He let out a breath. ‘Fuck it,’ he said again.
And then he told her, his head down, his hands raking his short dark hair. He told her about a girlfriend whom he couldn’t think how to let down nicely, and an ex-wifewho never quite left him alone, and how his whole life had come crashing down. He told her about his company and how he should have been there now, celebrating the launch of his last six years’ obsessive work. And how instead he had to stay away from everything and everyone he knew all the while facing the prospect of prosecution. He told her about his dad who was sick, and who was going to be even sicker when he heard what had happened. And he told her about the lawyer who had just rung to inform him that shortly after he returned from this trip his presence would be required at a police station in London where he would be charged with insider trading, a charge that could win him up to twenty years in prison. By the time he’d finished she felt winded.
‘Everything I’ve ever worked for. Everything I cared about. I’m not allowed to go into my own office. I can’t even go back to my flat in case the press hear of it and I do another stupid thing and let slip what’s happened. I can’t go and see my own dad because then he’ll die knowing what a bloody idiot his son is.’
Jess digested this for a few minutes. He smiled bleakly at the sky. ‘And you know the best bit? It’s my birthday.’
‘What?’
‘Today. It’s my birthday.’
‘Today? Why didn’t you say anything?’
‘Because I’m thirty-four years old, and a thirty-four-year-old man sounds like a dick talking about birthdays.’ He took a swig of his beer. ‘And what with the wholefood-poisoning thing, I didn’t feel I had much to celebrate.’ He looked sideways at her. ‘Plus you might have started singing “Happy Birthday” in the car.’
‘I’ll sing it out here.’
‘Please don’t. Things are bad enough.’
Jess’s head was reeling. She couldn’t believe all the stuff Mr Nicholls was carrying around. If it had been anyone else she might have put her arm around them, attempted to say something comforting. But Mr Nicholls was prickly. And who could blame him? It felt like offering an Elastoplast to someone who had just had an arm amputated.
‘Things will get better, you know,’ she said, when she couldn’t think of anything else to say. ‘Karma will get that girl who stitched you up.’
He pulled a face. ‘Karma?’
‘It’s like I tell the kids. Good things happen to good people. You just have to keep faith…’
‘Well, I must have been a complete shit in a past life.’
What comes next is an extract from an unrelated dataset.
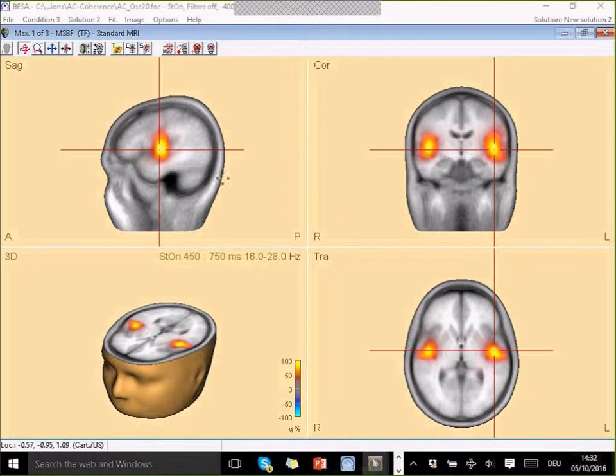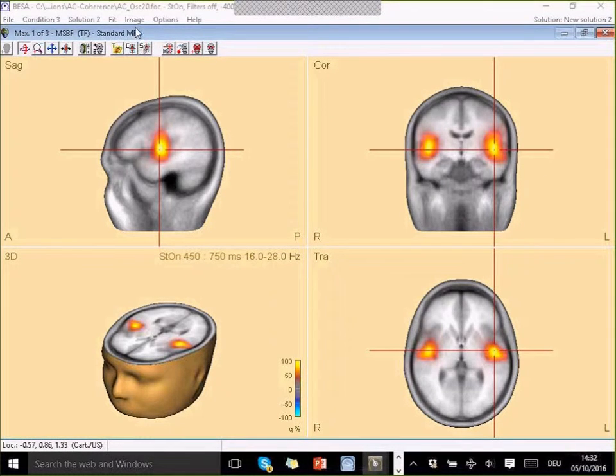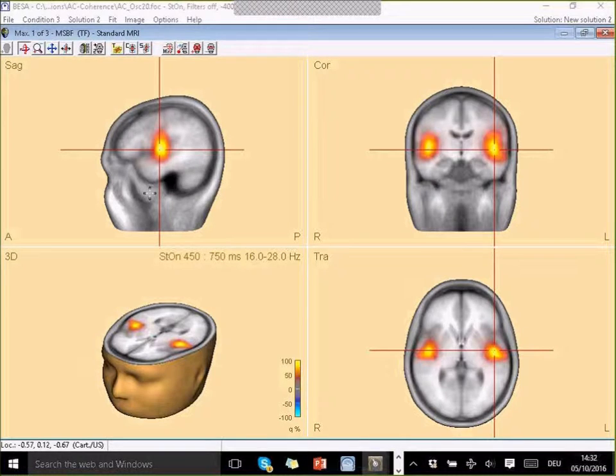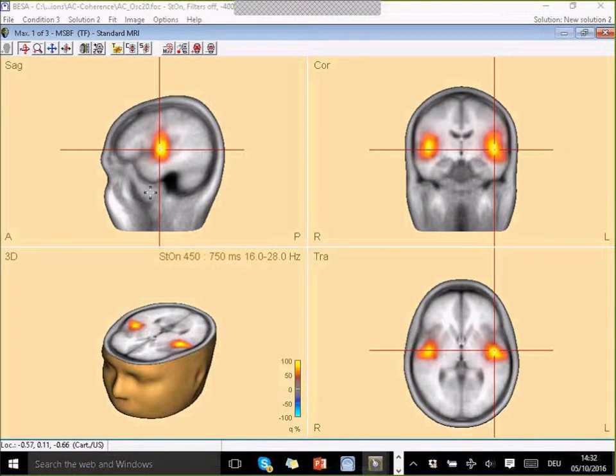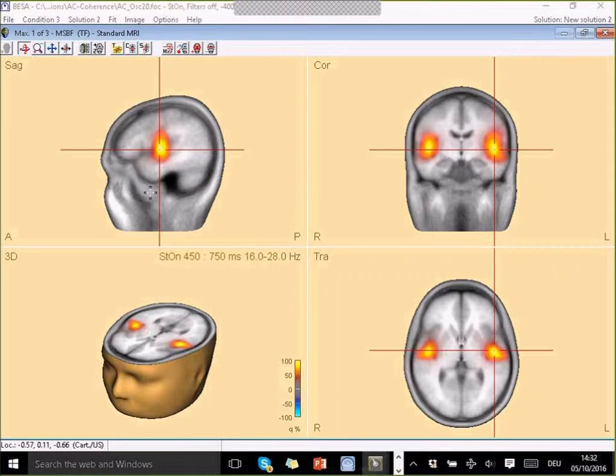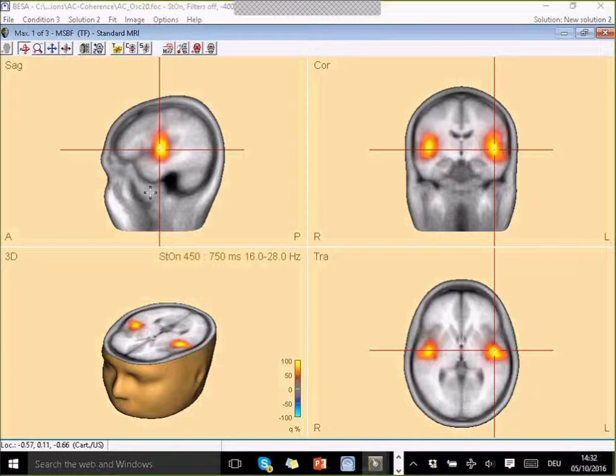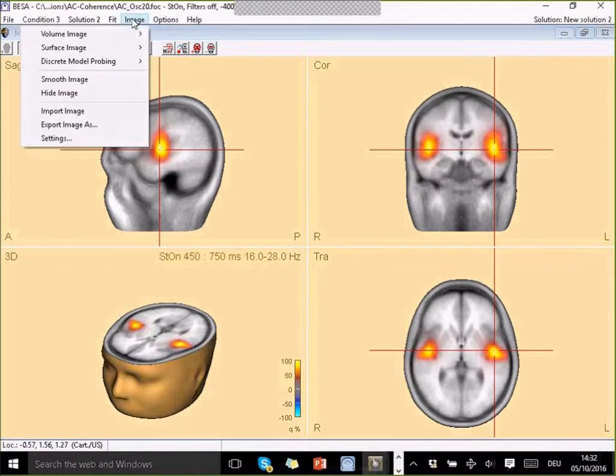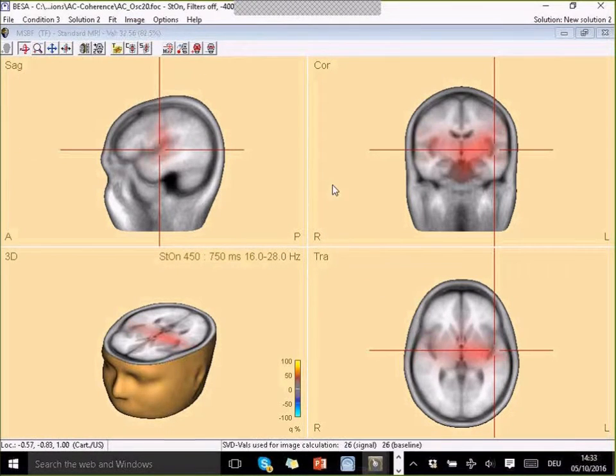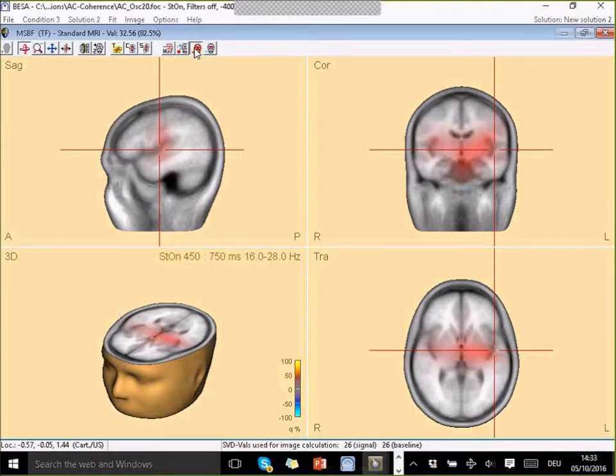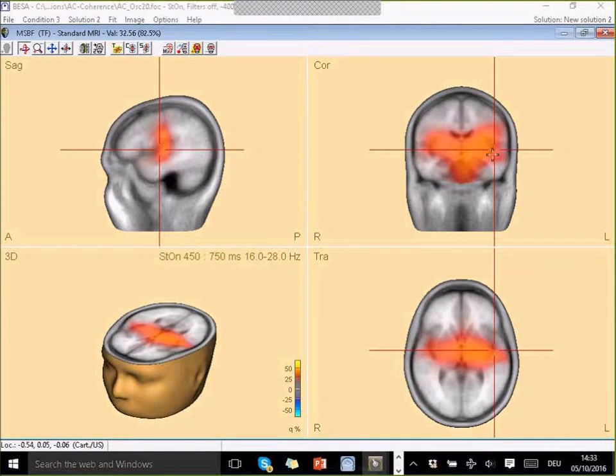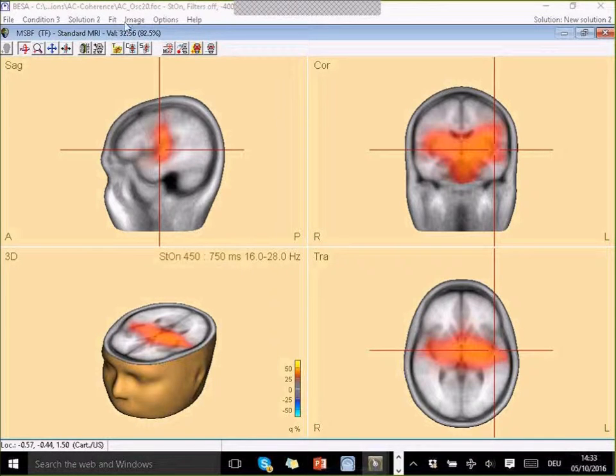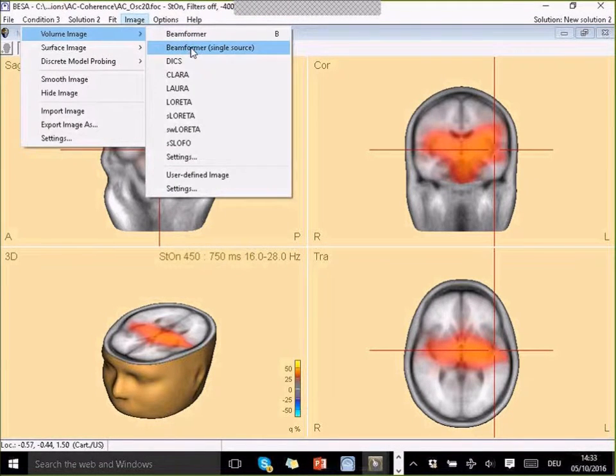Now it will compute the cross-spectral density across this and then show me the beam former result and automatically jump to the highest maximum. This is the so-called multiple source beam former. That means that it automatically chooses bilateral positions for my voxels that are evaluated during the beam forming computation. This should be preferable if I'm looking for potential bilateral activation. We also have a single source beam former which I can show you too. Single source beam former looks like this. It has a much more spread activation over the two hemispheres than the multiple source beam former.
‘Come on. You still have property. You have cars. You have your brain. You have expensive lawyers. You can work this out.’
‘How come you’re such an optimist?’
‘Because things do come right.’
‘And that’s from a woman who doesn’t have enough money to catch a train.’
Jess kept her gaze on the craggy hillside. ‘Because it’s your birthday, I’m going to let that one go.’
Mr Nicholls sighed. ‘Sorry. I know you’re trying to help. But right now I find your relentless positivity exhausting.’
‘No, you find driving hundreds of miles in a car with three people you don’t know and a large dog exhausting. Go upstairs and have a long bath and you’ll feel better. Go on.’
He trudged inside, the condemned man, and she sat and stared out at the slab of green moorland in front of her. She tried to imagine what it would be like to be facing prison, not to be allowed near the things or the people you loved. She tried to imagine someone like Mr Nicholls doing time. And then she decided not to think about it and hoped quite hard that Nicky hadn’t used up all the hot water.
After a while, she walked inside with the empty glasses. She leant over the bar, where the landlady was watching an episode ofHomes Under the Hammer. The men sat in silence behind her, watching it too or gazing rheumily into their pints.
‘Mrs Deakins? It’s actually my husband’s birthday today. Would you mind doing me a favour?’
Mr Nicholls finally came downstairs at eight thirty, wearing the exact clothes he’d worn that afternoon. And the previous afternoon. Jess knew he had bathed, as his hair was damp and he had shaved.
‘So what’s in your bag, then? A body?’
‘What?’ He walked over to the bar. He gave off a faint scent of Wilkinson Sword soap.